実施の形態2では、第2のポンプ41の間欠運転のON時間とOFF時間とが、リモートコントローラ6によって設定される場合について説明している。本実施の形態3では、間欠運転のON時間とOFF時間とが、第2の熱媒体の温度に基づいて設定される点で、実施の形態2と相違する。
【0043】
先ず、リモートコントローラ6によって、間欠運転の計算周期時間が設定される。ここで、熱源機5を使用する通常の暖房運転の空調対象9への供給温度の目標値は、目標供給温度である。また、通常の暖房運転時の比熱を、通常時の比熱とし、通常の暖房運転時の流量を通常時の流量とする。ON時間は、空調対象9の対象温度から算出される供給熱量と、蓄熱タンク32の蓄熱温度から算出される供給熱量との比率から求められる。即ち、ON時間は、本制御時の比熱と本制御時の流量を用いて、下記式(1)から求められる。なお、式(1)では、第2の熱媒体の温度として、蓄熱タンク32の蓄熱温度が使用されている。
【0044】
[数1]
ON時間=計算周期時間×[{通常時の比熱×(目標供給温度−空調対象9の対象温度)×通常時の流量}/{本制御時の比熱×(蓄熱タンク32の蓄熱温度−空調対象9の対象温度)×本制御時の流量}]・・・(1)
【0045】
そして、OFF時間は、下記式(2)から求められる。
【0046】
[数2]
OFF時間=計算周期時間−ON時間・・・(2)
【0047】
なお、通常時の比熱と本制御時の比熱とを同一とみなし、通常時の流量と本制御時の流量とを同一とみなすと、式(1)は、下記式(3)のように簡略化される。
【0048】
[数3]
ON時間=計算周期時間×{(目標供給温度−空調対象9の対象温度)/(蓄熱タンク32の蓄熱温度−空調対象9の対象温度)}・・・(3)
【0049】
なお、本実施の形態3では、第2の熱媒体の温度として、蓄熱タンク32の蓄熱温度が用いられているが、空調対象9への供給温度が用いられてもよい。
【0050】
本実施の形態3によれば、第2のポンプ41の間欠運転の時間間隔が、第2の熱媒体の温度に基づいて設定されている。
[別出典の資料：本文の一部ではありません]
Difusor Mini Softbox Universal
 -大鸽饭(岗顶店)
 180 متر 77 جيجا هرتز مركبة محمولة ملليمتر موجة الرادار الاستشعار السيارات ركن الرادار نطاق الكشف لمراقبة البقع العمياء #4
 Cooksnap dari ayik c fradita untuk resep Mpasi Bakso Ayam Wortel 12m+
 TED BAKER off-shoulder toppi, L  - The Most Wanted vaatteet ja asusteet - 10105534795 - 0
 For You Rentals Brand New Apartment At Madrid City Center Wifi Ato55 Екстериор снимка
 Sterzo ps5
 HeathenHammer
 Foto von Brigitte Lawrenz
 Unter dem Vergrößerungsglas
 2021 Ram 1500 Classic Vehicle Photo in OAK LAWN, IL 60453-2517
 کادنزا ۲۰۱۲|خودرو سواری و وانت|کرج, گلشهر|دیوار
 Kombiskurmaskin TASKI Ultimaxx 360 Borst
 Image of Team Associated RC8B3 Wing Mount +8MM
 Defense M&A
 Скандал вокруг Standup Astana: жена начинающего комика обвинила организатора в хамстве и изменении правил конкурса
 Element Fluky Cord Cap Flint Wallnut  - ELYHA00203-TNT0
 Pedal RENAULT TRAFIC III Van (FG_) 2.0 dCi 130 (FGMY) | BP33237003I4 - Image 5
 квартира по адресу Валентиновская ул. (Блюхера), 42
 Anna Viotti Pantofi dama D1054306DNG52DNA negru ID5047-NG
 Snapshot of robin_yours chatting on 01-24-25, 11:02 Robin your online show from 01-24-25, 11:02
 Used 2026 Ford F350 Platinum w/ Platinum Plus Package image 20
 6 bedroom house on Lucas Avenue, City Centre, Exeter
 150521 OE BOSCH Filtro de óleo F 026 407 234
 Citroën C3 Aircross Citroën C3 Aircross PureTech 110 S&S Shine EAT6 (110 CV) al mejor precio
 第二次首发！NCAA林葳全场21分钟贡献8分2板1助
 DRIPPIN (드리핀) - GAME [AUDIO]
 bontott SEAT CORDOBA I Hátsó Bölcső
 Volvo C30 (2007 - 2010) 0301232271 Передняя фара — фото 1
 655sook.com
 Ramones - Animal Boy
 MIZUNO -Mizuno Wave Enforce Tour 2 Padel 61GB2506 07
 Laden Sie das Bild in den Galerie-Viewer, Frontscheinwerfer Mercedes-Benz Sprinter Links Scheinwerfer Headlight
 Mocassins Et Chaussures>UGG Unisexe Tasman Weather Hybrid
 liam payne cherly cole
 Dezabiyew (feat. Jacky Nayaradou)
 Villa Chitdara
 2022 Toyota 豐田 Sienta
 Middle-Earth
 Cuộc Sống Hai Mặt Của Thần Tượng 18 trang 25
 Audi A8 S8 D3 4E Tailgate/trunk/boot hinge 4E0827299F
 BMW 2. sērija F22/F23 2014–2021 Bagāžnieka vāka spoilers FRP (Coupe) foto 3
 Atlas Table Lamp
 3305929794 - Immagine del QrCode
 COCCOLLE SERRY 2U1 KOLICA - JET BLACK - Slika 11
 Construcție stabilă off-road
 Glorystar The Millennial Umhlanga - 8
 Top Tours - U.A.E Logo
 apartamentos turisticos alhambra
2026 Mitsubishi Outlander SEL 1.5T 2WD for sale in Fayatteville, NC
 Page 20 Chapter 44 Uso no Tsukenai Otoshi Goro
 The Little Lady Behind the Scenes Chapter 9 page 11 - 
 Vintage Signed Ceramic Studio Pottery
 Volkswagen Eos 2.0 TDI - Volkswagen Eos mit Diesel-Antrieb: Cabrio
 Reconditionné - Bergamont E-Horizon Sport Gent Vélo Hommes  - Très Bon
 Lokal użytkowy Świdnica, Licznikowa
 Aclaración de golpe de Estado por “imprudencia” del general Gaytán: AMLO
第2の熱媒体の温度が高いほどON時間が短くなって、空調対象9への熱の供給が少なくなる。第2の熱媒体の温度が低いほどON時間が長くなって、空調対象9への熱の供給が多くなる。このように、第2の熱媒体の温度に基づいて、空調対象9への熱の供給量を変化させるため、空調対象9の対象温度が急激に上昇することを更に抑制することができる。
【0051】
なお、時間間隔は、間欠運転毎に設定されてもよい。この場合、ON時間及びOFF時間の計算に用いられる蓄熱タンク32の蓄熱温度は、計算周期時間毎に、最新の蓄熱タンク32の蓄熱温度とする。ここで、暖房運転において、初期の蓄熱タンク32の蓄熱温度が高温の場合、第2のポンプ41のON時間がOFF時間よりも短いものとする。第2のポンプ41が運転することによって、蓄熱タンク32には、利用側熱交換器42によって熱交換されて冷却された第2の熱媒体が流入するため、徐々に蓄熱タンク32の蓄熱温度が低下する。そこで、蓄熱タンク32の蓄熱温度として、計算周期時間毎に、最新の蓄熱タンク32の蓄熱温度が用いられることによって、ON時間及びOFF時間を、蓄熱タンク32の蓄熱温度に適合した時間に見直すことができる。従って、空調対象9への熱の供給を適切に行うことができる。なお、この場合も、蓄熱タンク32の蓄熱温度は、空調対象9への供給温度としてもよい。